ASSIGNMENT: Leaving out all pictures, write down exactly the lines from the one containing "Skoda Scala Monte-Carlo+DSG+Navi+LED" through the last line of the material.

COLLECTED MATERIAL:
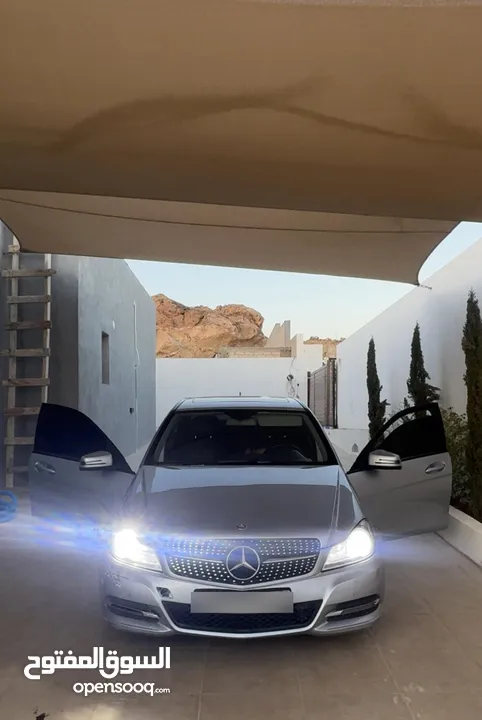Mercedes Benz c180 2013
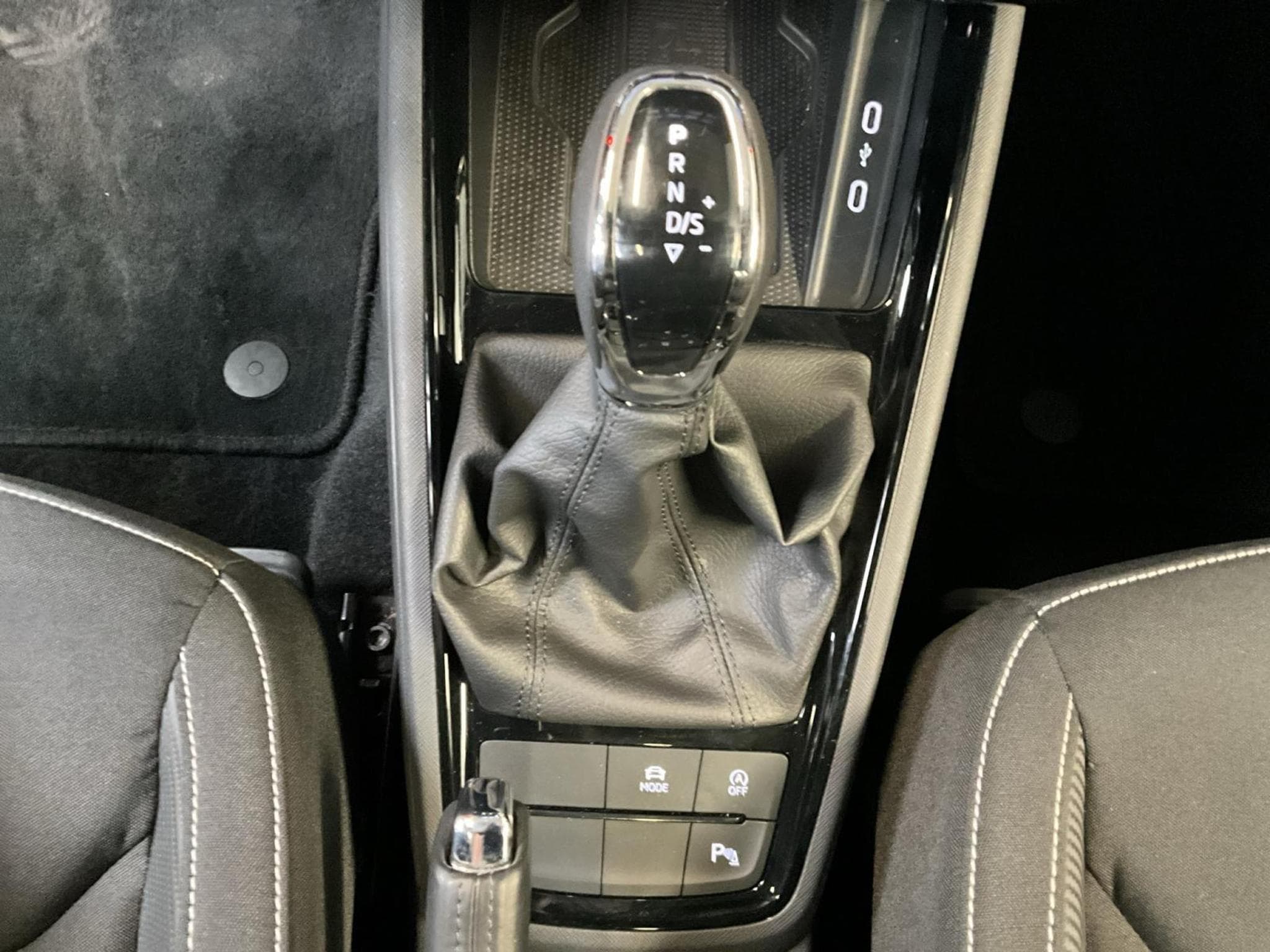 Skoda Scala Monte-Carlo+DSG+Navi+LED (2025) - Photo 14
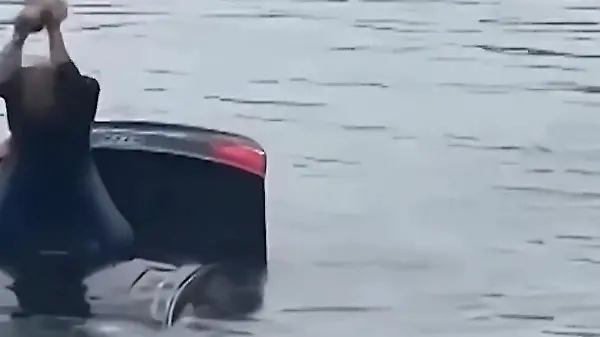 Scheibe eingeschlagen! Auto stürzt in Fluss – Fahrer kommt nicht alleine raus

RESULT OF THE EXERCISE:
 Skoda Scala Monte-Carlo+DSG+Navi+LED (2025) - Photo 14
 Scheibe eingeschlagen! Auto stürzt in Fluss – Fahrer kommt nicht alleine raus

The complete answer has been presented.